- Decades:: 1950s; 1960s; 1970s; 1980s; 1990s;
- See also:: History of New Zealand; List of years in New Zealand; Timeline of New Zealand history;

= 1979 in New Zealand =

The following lists events that happened during 1979 in New Zealand.

==Population==
- Estimated population as of 31 December: 3,163,900.
- Increase since 31 December 1978: -1,300 (−0.04%).
- Males per 100 females: 99.0.

==Incumbents==

===Regal and viceregal===
- Head of State – Elizabeth II
- Governor-General – The Rt Hon.
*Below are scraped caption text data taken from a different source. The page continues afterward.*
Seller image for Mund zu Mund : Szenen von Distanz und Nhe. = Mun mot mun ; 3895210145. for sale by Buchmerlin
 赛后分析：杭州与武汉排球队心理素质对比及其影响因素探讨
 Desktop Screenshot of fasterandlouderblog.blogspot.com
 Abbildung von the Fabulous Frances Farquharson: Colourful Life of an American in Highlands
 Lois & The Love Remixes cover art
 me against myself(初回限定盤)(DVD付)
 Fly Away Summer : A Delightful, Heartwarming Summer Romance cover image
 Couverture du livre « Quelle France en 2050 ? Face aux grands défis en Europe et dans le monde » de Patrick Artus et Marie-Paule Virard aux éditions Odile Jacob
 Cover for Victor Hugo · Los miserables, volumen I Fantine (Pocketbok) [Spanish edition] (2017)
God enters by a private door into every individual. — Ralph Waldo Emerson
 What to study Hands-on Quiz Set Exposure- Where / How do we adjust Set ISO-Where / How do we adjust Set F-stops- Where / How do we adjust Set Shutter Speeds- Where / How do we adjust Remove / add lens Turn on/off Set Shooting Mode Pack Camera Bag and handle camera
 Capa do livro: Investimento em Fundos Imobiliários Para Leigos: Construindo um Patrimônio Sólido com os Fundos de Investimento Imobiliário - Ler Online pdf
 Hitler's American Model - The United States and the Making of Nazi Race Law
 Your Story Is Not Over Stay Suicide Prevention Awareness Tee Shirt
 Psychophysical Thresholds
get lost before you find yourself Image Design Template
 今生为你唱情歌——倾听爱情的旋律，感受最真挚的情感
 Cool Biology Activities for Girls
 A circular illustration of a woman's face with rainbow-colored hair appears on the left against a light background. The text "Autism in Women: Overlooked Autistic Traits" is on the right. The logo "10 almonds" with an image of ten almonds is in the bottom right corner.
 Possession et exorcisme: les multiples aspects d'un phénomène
Sir Keith Holyoake KG GCMG CH QSO.

===Government===
- Speaker of the House – Richard Harrison.
- Prime Minister – Robert Muldoon
- Deputy Prime Minister – Brian Talboys.
- Minister of Finance – Robert Muldoon.
- Minister of Foreign Affairs – Brian Talboys.
- Attorney-General – Jim McLay.
- Chief Justice — Sir Ronald Davison

=== Parliamentary opposition ===
- Leader of the Opposition – Bill Rowling (Labour).
- Social Credit Party – Bruce Beetham

===Main centre leaders===
- Mayor of Auckland – Dove-Myer Robinson
- Mayor of Hamilton – Ross Jansen
- Mayor of Wellington – Michael Fowler
- Mayor of Christchurch – Hamish Hay
- Mayor of Dunedin – Clifford George (Cliff) Skeggs

== Events ==
- 10 January – A fire destroys the Farmers' Co-operative Association department store in Blenheim, aided by strong northwesterly winds and a 33 C temperature.
- February: Muhammed Ali came to New Zealand; staying at Upper Hutt (photos).
- 17 February – an Air New Zealand Fokker F27 Friendship crashed into Manukau Harbour while on final approach to Auckland Airport 1 crew and 1 company staff member were killed.
- 19 March – Cessna aircraft en route from Palmerston North to Taupo crashed onto the Desert Rd in bad weather, killing all 6 occupants
- 24 May – Labour MP Malcolm Douglas is removed from Parliament six months after the 1978 general election, after an electoral petition by National opponent Winston Peters is upheld over irregularities in the votes of the electorate. Peters subsequently replaces Douglas
- 30 July – The carless days scheme is introduced, restricting private motor vehicles from driving on one day of the week.
- 8 August – 1979 Abbotsford landslip: Sixty-nine homes in the Dunedin suburb of Abbotsford are left uninhabitable after 18 ha of land slips 48 metres in 15 minutes.
- 20 September – The New Zealand Federation of Labour holds a 24-hour general strike to protest government intervention in the drivers' award. Around 300,000 workers, mainly in the manufacturing and transport industries, participate in the strike.
- 3 November – The Evening Star ceases publication. The Dunedin newspaper was founded in 1863.
- 28 November – Air New Zealand Flight 901 crashes in Mount Erebus, Antarctica, killing all 237 passengers and 20 crewmembers aboard.
- Two years after its official opening, the new executive wing of Parliament Buildings, known as the Beehive, is completed and occupied by the Government.

==Arts and literature==
- Michael A. Noonan wins the Robert Burns Fellowship.
- Nambassa beach festival, touring family roadshow. Whangamatā Waihi Beach Mount Maunganui and Coromandel.
- Nambassa three-day music, crafts and alternative lifestyle festival on Phil and Pat Hulses' 400 acre farm in Golden Valley, north of Waihi. Attendance 75,000 plus.
- Summer '79, outdoor arts festival in the parks of Wellington – including the Botanical Gardens, the Newtown Zoo, the Town Belt and several suburban parks.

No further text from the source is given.